_Data:_
----------
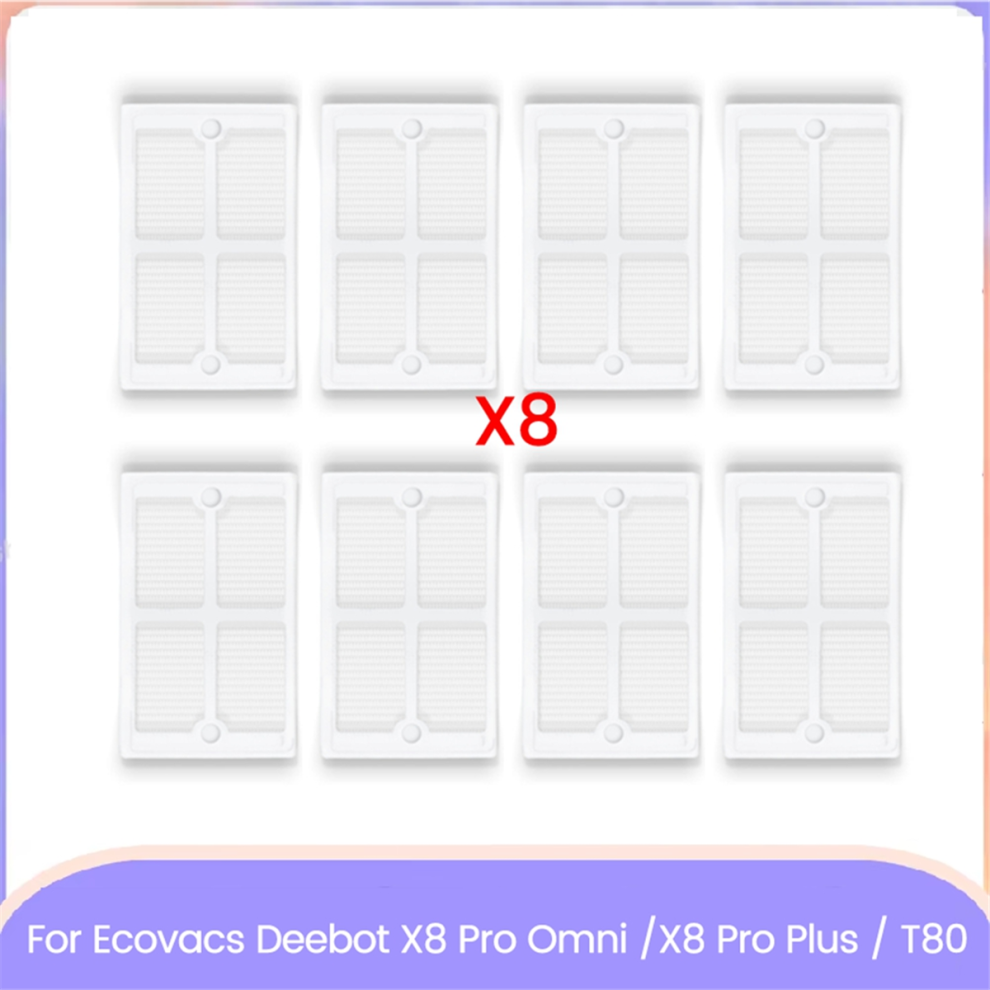 Filtro Per Scatola Di Scarico, Spazzatrice, Serbatoio Di Scarico, Parti Di Ricambio, Filtro 8 Pezzi-image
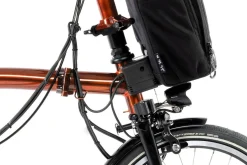 Faltbares E-Bike C LINE ELECTRIC FLAME LACQUER
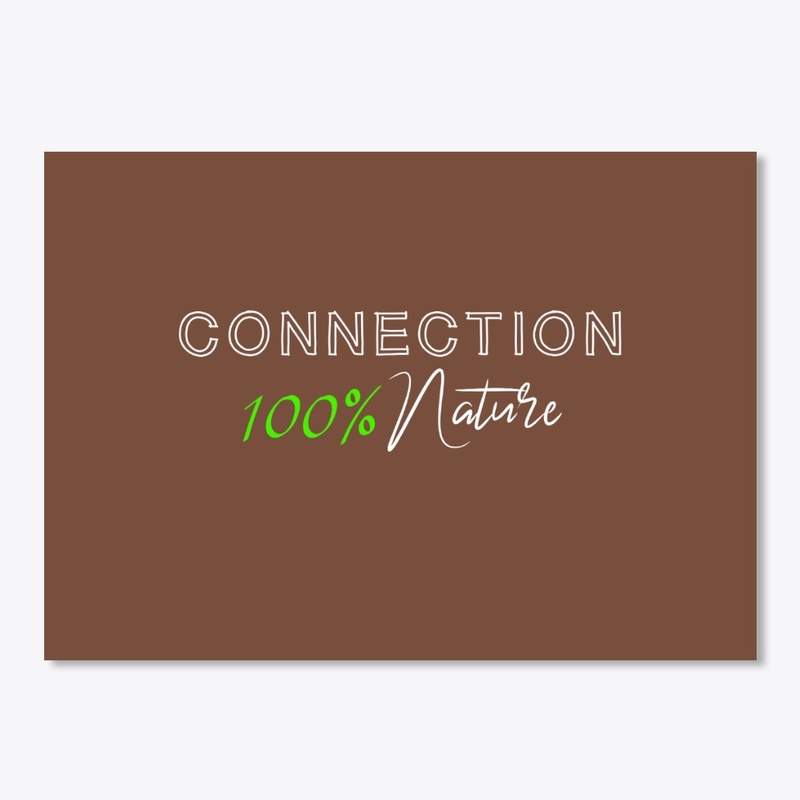 Connection 100% Nature Cadeau souvenir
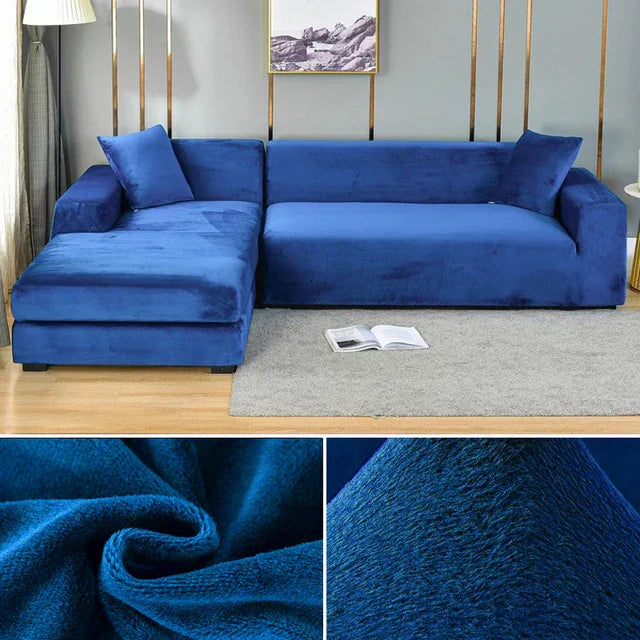 Stretchy Soft Sofa Protector Cover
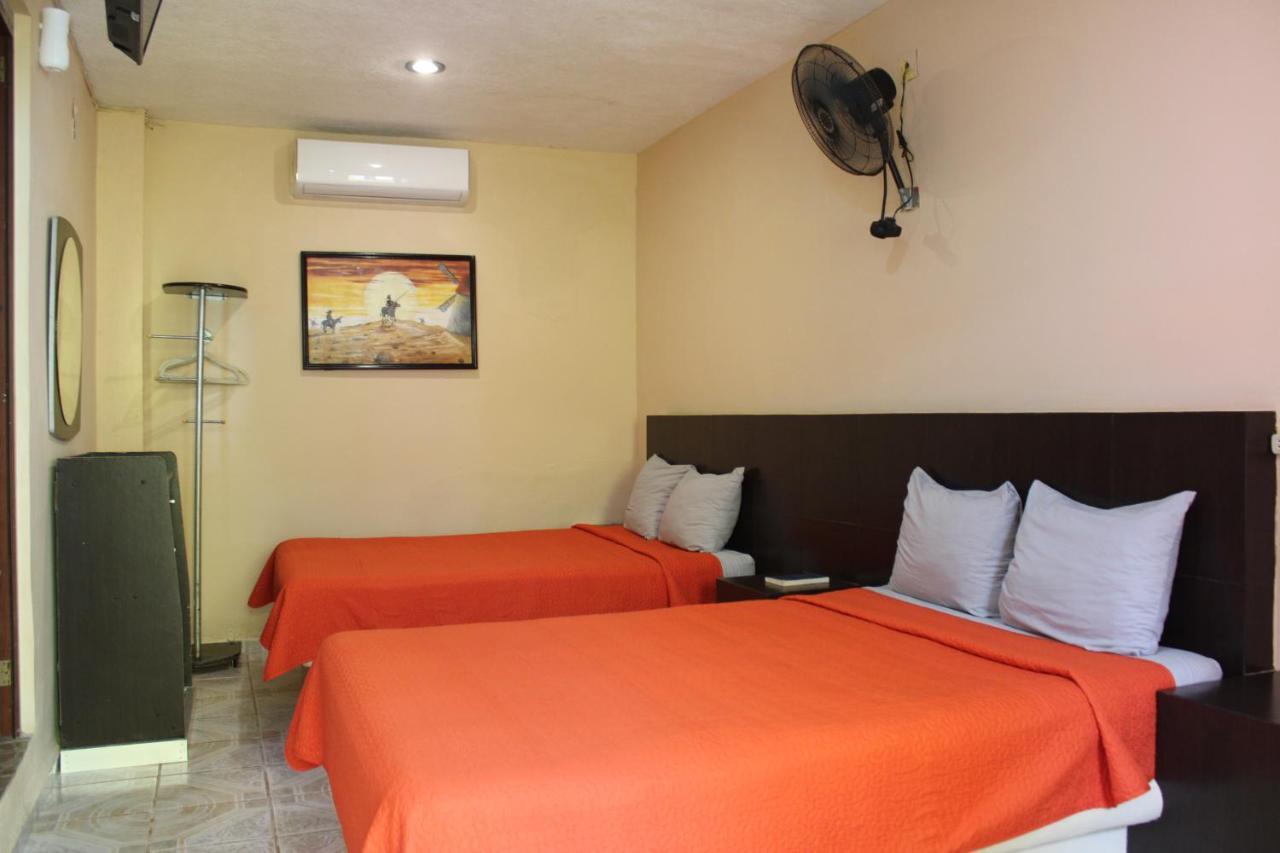 Hotel Guaranducha Inn Campeche Dış mekan fotoğraf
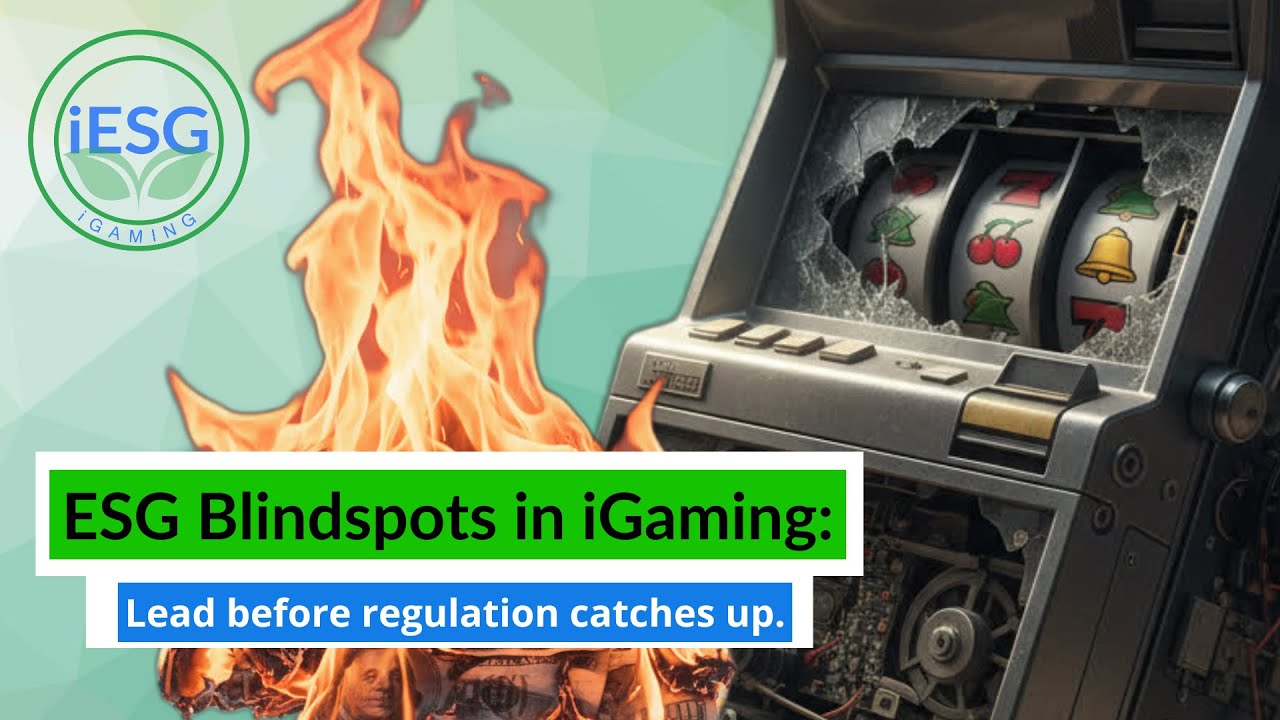 ESG Blind Spots in iGaming: The Hidden Cost of Weak Sustainability Data
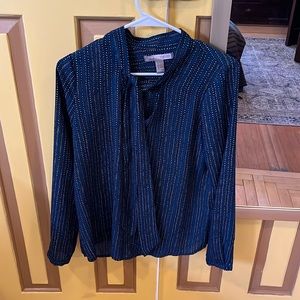 Forever 21 Contemporary Long Sleeve Professional Blouse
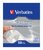 VERBATIM - CD/DVD boríték, papír, ablakos, bebújtatós fül, fehér, (50 db) - 49992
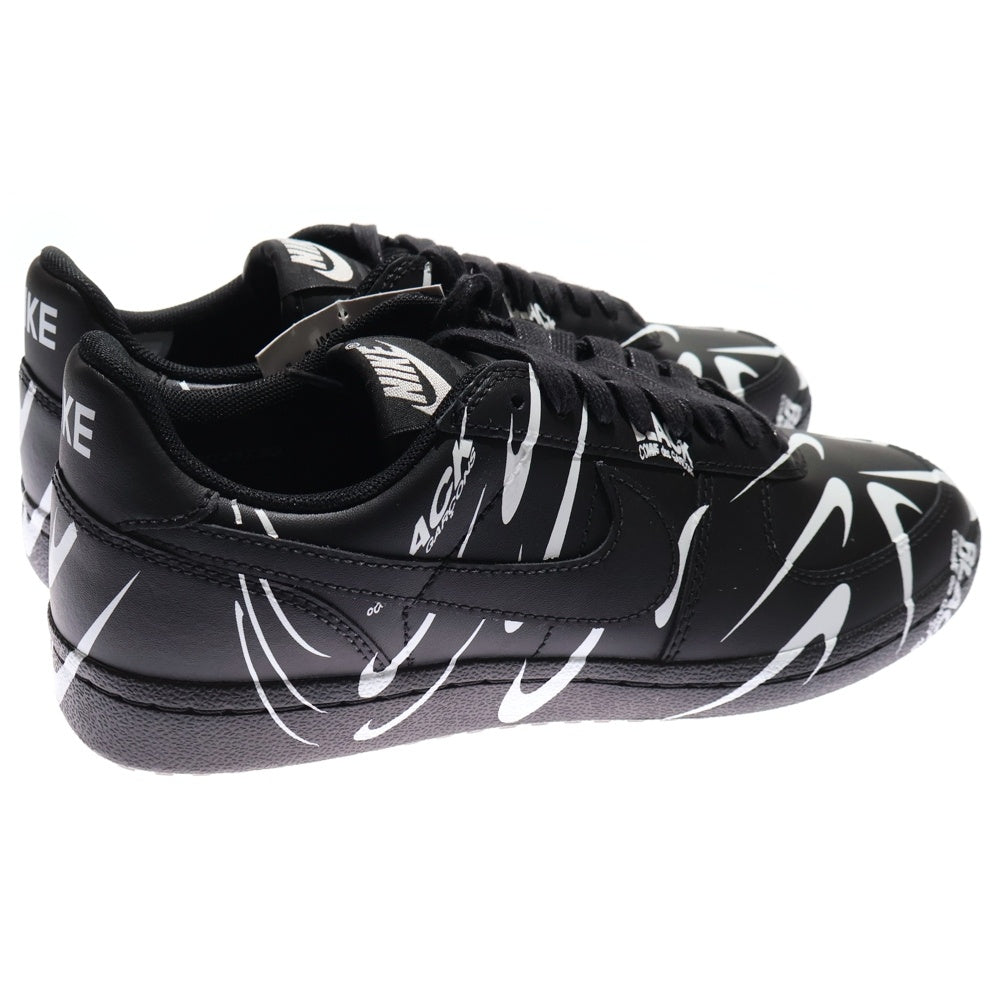 NIKE(ナイキ) ×BLACK COMME des GARCONS Field General 82 SP IM7417-001 フィールドジェネラル ローカットスニーカー ブラック US9/26cm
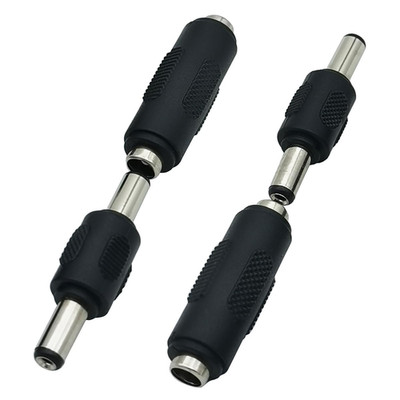 12V 5.5 X 2.1Mm Female to Female DC Power Connector Adapter, Male to Male Power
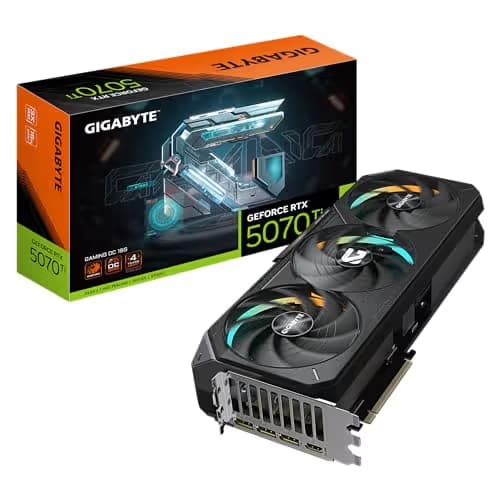 Gigabyte GAMING OC GeForce RTX 5070 Ti 16 GB GDDR7 image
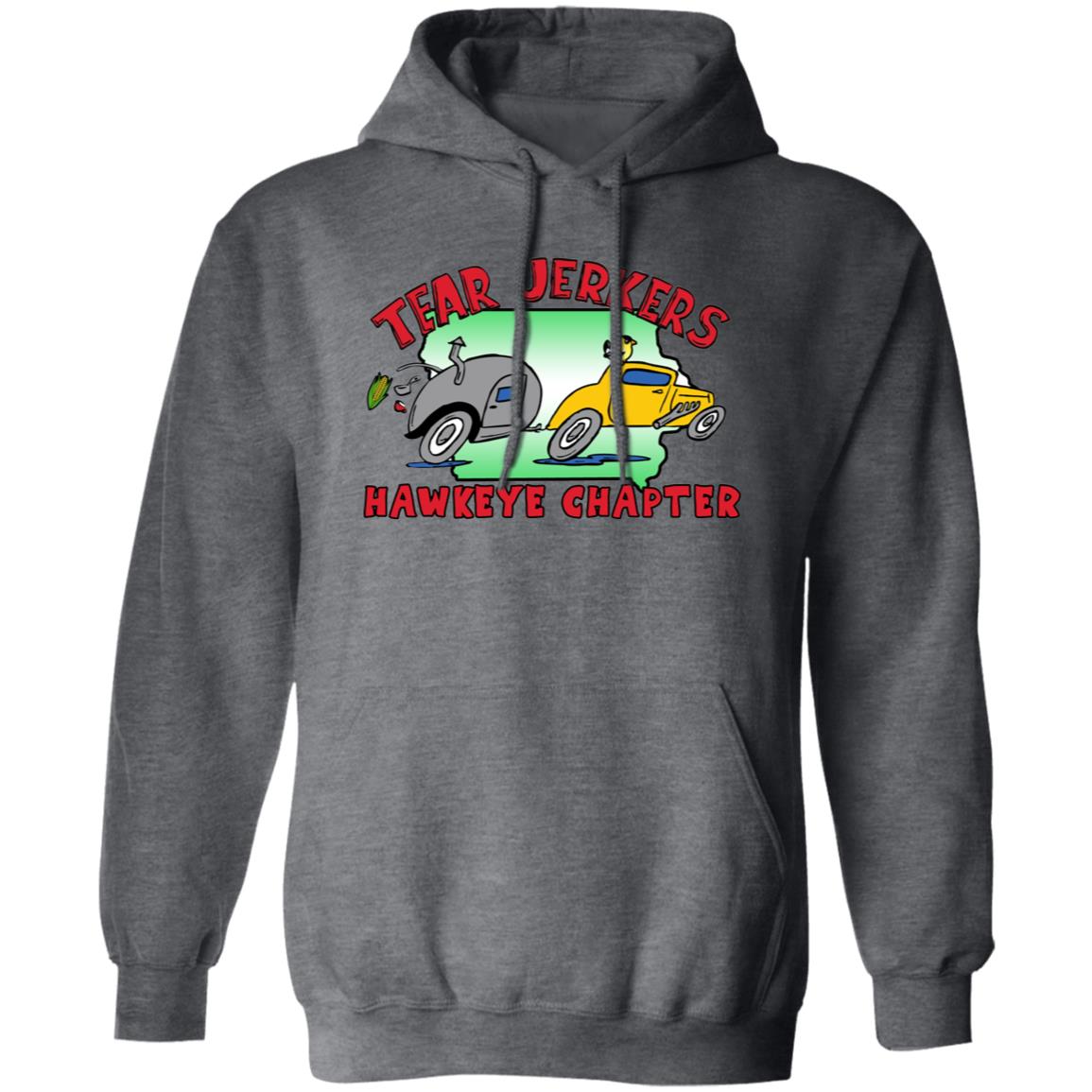 HawkTJ Pullover Hoodie Sweatshirt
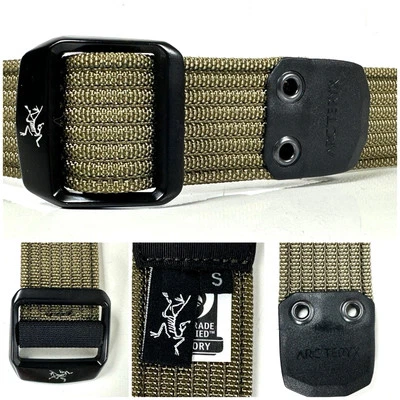Arc'teryx Conveyor Belt Void Size Small Cord Heavy Duty Webbing Hiking Green EUC - Image 1 of 4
----------
Reproduce all lines above exactly. Leave the images out.

 Filtro Per Scatola Di Scarico, Spazzatrice, Serbatoio Di Scarico, Parti Di Ricambio, Filtro 8 Pezzi-image
 Faltbares E-Bike C LINE ELECTRIC FLAME LACQUER
 Connection 100% Nature Cadeau souvenir
 Stretchy Soft Sofa Protector Cover
 Hotel Guaranducha Inn Campeche Dış mekan fotoğraf
 ESG Blind Spots in iGaming: The Hidden Cost of Weak Sustainability Data
 Forever 21 Contemporary Long Sleeve Professional Blouse
 VERBATIM - CD/DVD boríték, papír, ablakos, bebújtatós fül, fehér, (50 db) - 49992
 NIKE(ナイキ) ×BLACK COMME des GARCONS Field General 82 SP IM7417-001 フィールドジェネラル ローカットスニーカー ブラック US9/26cm
 12V 5.5 X 2.1Mm Female to Female DC Power Connector Adapter, Male to Male Power
 Gigabyte GAMING OC GeForce RTX 5070 Ti 16 GB GDDR7 image
 HawkTJ Pullover Hoodie Sweatshirt
Arc'teryx Conveyor Belt Void Size Small Cord Heavy Duty Webbing Hiking Green EUC - Image 1 of 4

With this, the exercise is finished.